Updated on July 3, 2011

Doctors do not know the function of the tonsils and when the tonsils start to give you problems they often recommend that you have them removed by something called tonsillectomy. But let me put it this way: Nothing in your body is there by chance or by mistake. Every organ has a purpose.

Chronic tonsillitis and tonsil stones are two of the conditions that doctors prescribe surgery for. In this article you are going to find out what can happen if you remove your tonsils.

Tonsils & Lymph System

The tonsils is a part of your lymphatic system. The lymphatic system hold lymph fluid which is just like your blood with the exception that it lacks red blood cells. The lymph fluid gets cleaned at special nodes in the body called lymph nodes. Viruses, bacteria, waste products and a lot of other stuff get filtered out at these lymph nodes. These particles and toxins would otherwise be in your blood which all of your cells are in contact with.

Your tonsils are very important lymph nodes and they are responsible for preventing viruses and bacteria from entering the body via the nose, eyes, ears, and mouth. In fact all foreign particles that enter the body from these areas are subjected to the tonsils. That includes toxins and allergens.

Just the fact that the tonsils can grow back to their full size if a little tissue is left demonstrates their importance to your body.

What Can Happen if You Remove Your Tonsils?

If you decide to remove your tonsils and actually go through with it, then you will not have that first line of defense that the tonsils offer. Your body is smart and can adapt and let other systems take over some of the function of the tonsils but not as effective as the tonsils.
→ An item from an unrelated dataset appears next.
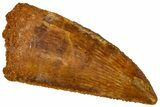 Serrated, Raptor Premaxillary Tooth - Real Dinosaur Tooth #360980-1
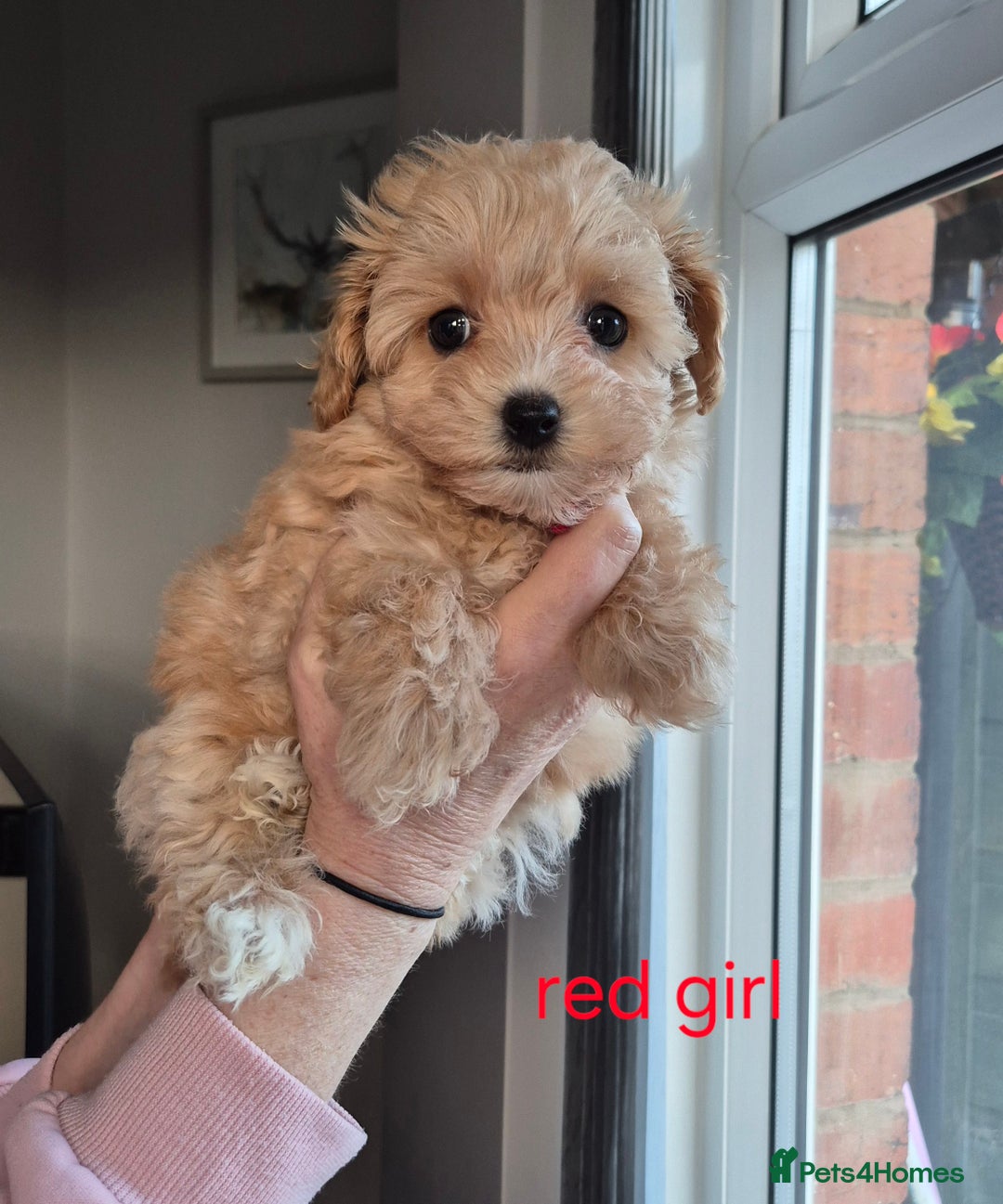 Maltipoo dogs for sale: F1 Maltipoo puppies 🐶 Just 2 girls remaining  - Advert 1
Plus, the tonsils are also a part of the immune system and by removing them could cause a lot of conditions related to your immunity. It might be easier for you to get the flu and other infections, and these infections might spread more easily to other places in your body.

Immediately after the surgery you may have trouble talking and your voice may change. Also, people that have removed their tonsils have reported bleeding, pain, swelling and difficult eating and swallowing the weeks after the surgery.

*Important*
Troubles with the tonsils are almost always a symptom of a deeper condition that is lifestyle related. I recommend therefore to seek out a doctor that has a holistic approach to medicine and get his/her opinion before undergoing surgery.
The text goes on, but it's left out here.